WORK INSTRUCTIONS –
The pictures stay out; all of the data is to be printed exactly.

SOURCE DATA –

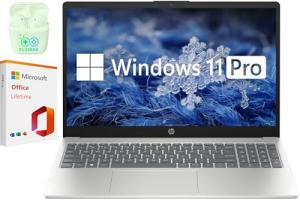 HP 15.6" Laptop with Intel i5 and 32GB RAM
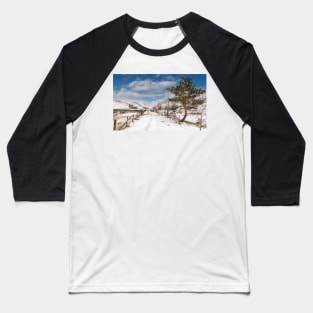 Coquet Valley - Wintertime Baseball T-Shirt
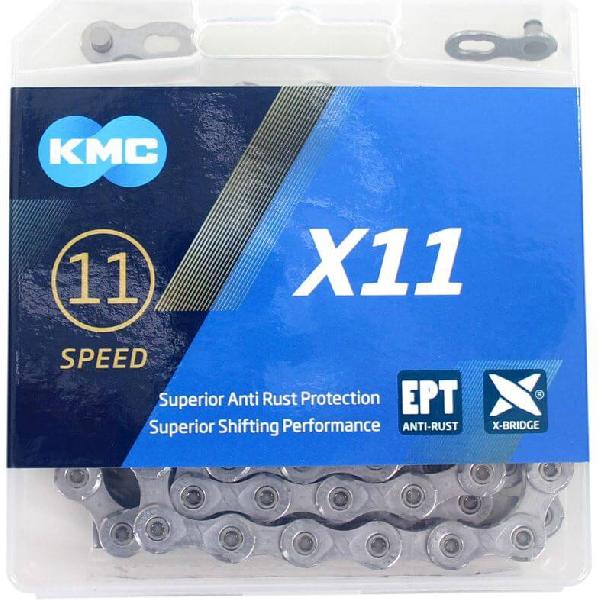 KMC Ketting 11-Speed X11 EPT Zilver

RESPONSE –
 HP 15.6" Laptop with Intel i5 and 32GB RAM
 Coquet Valley - Wintertime Baseball T-Shirt
 KMC Ketting 11-Speed X11 EPT Zilver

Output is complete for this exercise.